> [Required work] Without the pictures, print the lines running from the beginning of the material to the line containing "Fender 11-Hole Stratocaster", both ends included.

====== Source material

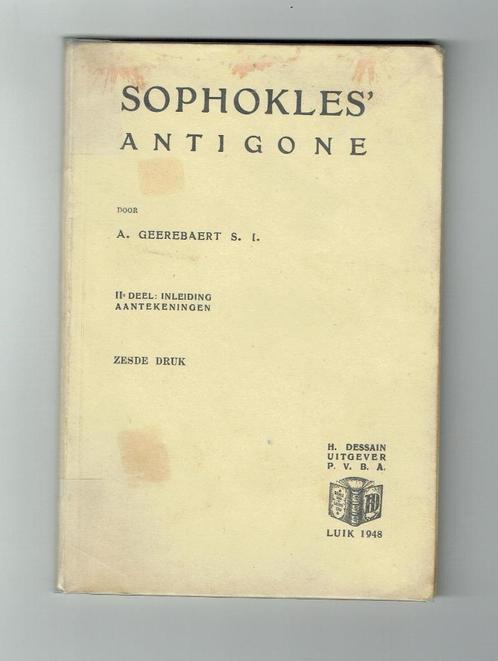 Boek-Antigone (dl 2 : aantekeningen ), Livres, Livres d'étude & Cours, Utilisé, Autres niveaux, Enlèvement ou Envoi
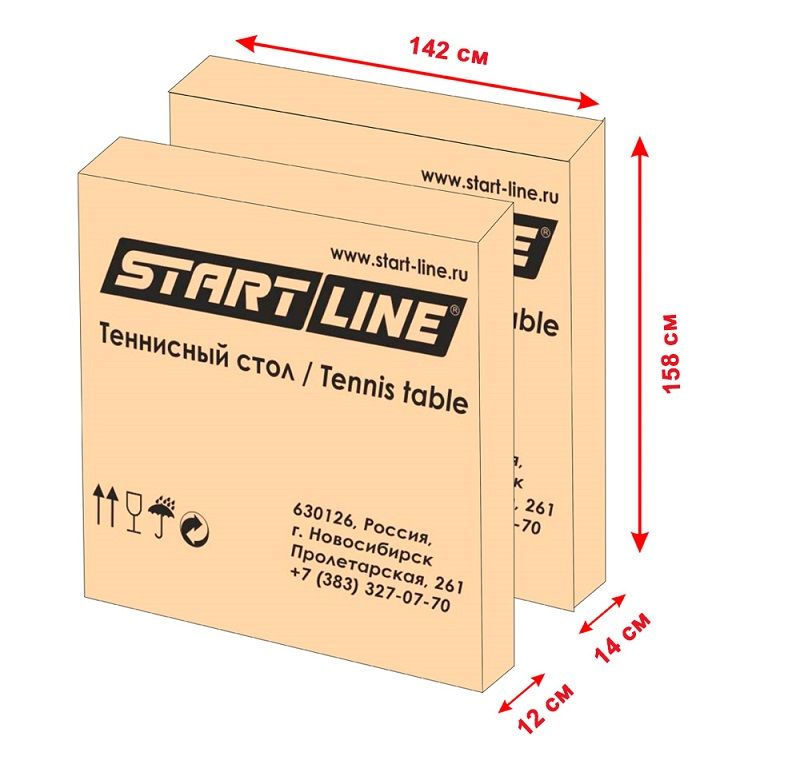 Стол теннисный START LINE Top Expert Outdoor с сеткой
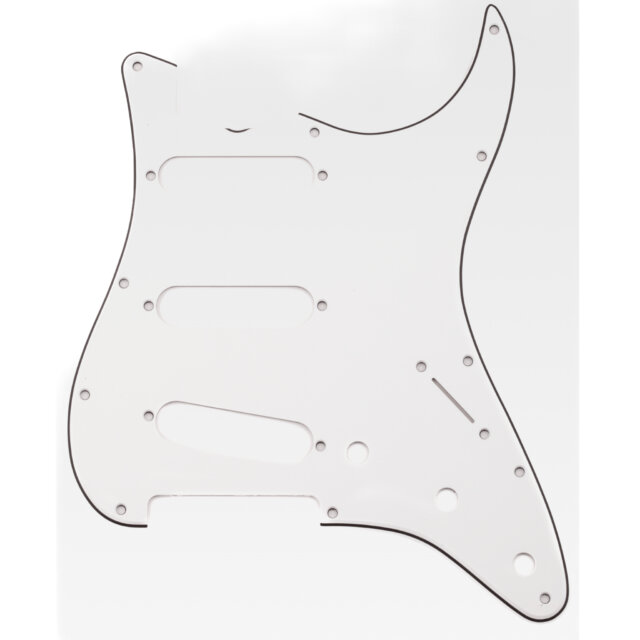 Fender 11-Hole Stratocaster SSS Pickguard White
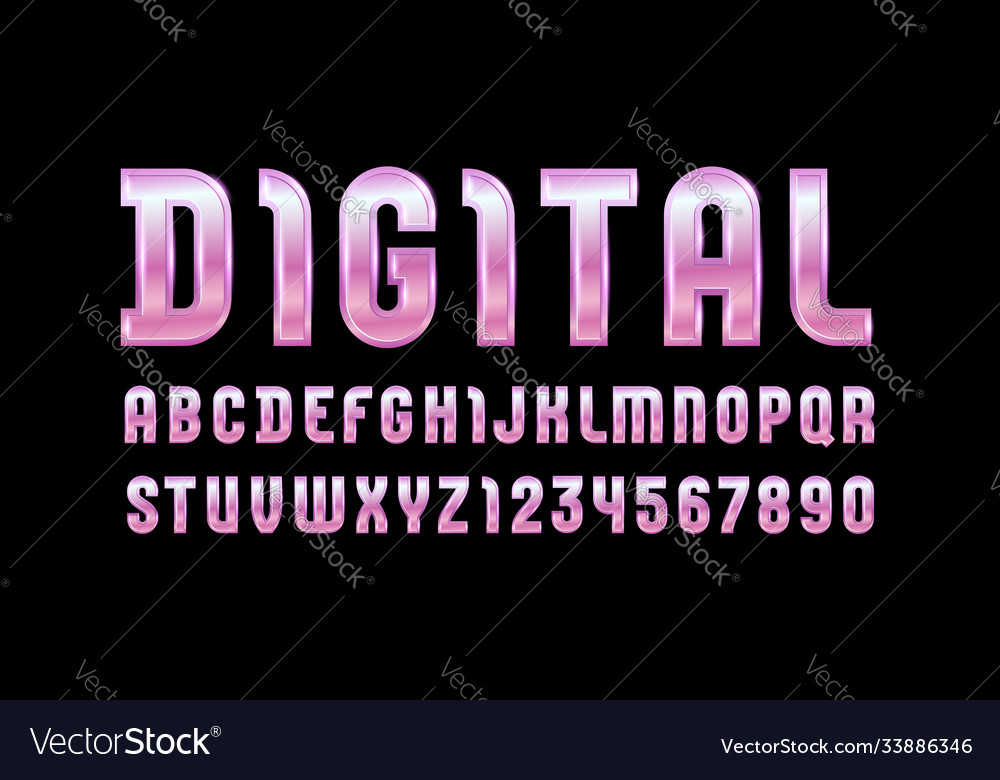 High steel font colored style trendy glossy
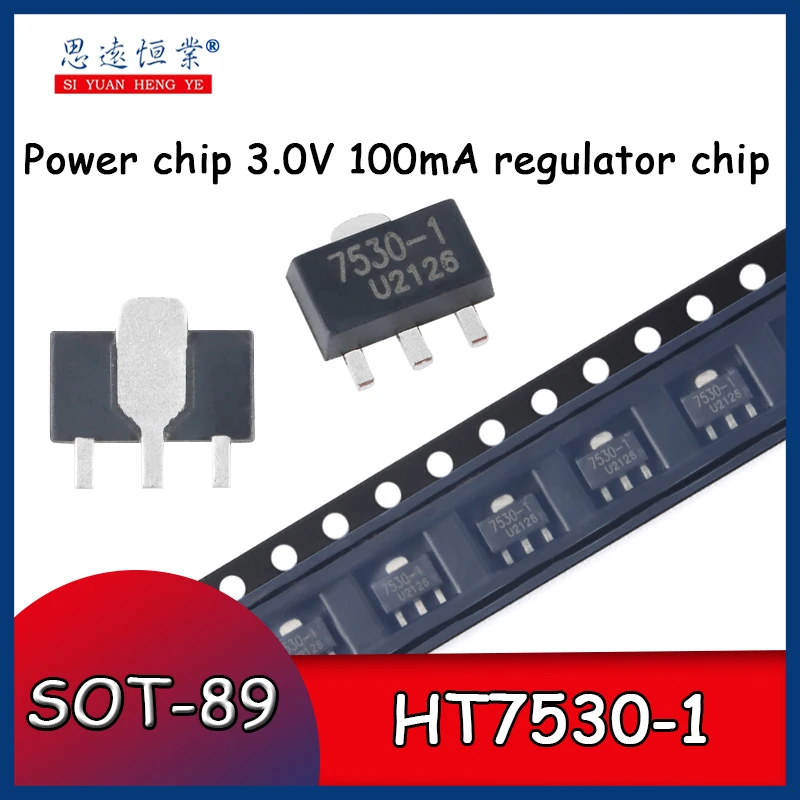 

10PCS Original authentic chip HT7530-1 SOT-89 power chip 3.0V 100mA regulator chip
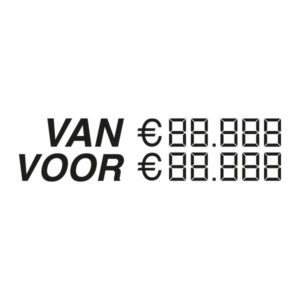 Van-Voor met prijs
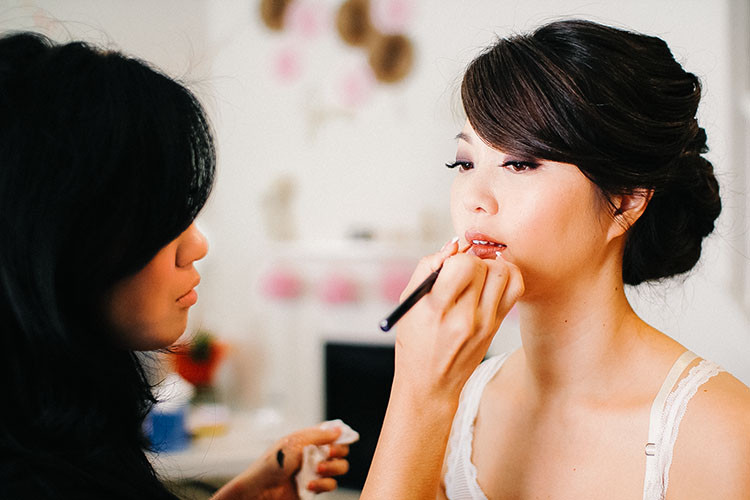 Where To Get Makeup Done For Wedding
 ting ready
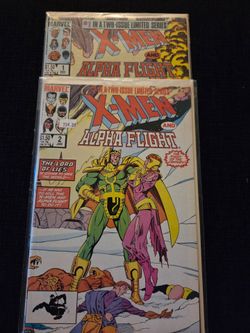 Marvel X-Men and Alpha Flight #1 & #2 Comic Set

============

> [Solution to this task]
 Boek-Antigone (dl 2 : aantekeningen ), Livres, Livres d'étude & Cours, Utilisé, Autres niveaux, Enlèvement ou Envoi
 Стол теннисный START LINE Top Expert Outdoor с сеткой
 Fender 11-Hole Stratocaster SSS Pickguard White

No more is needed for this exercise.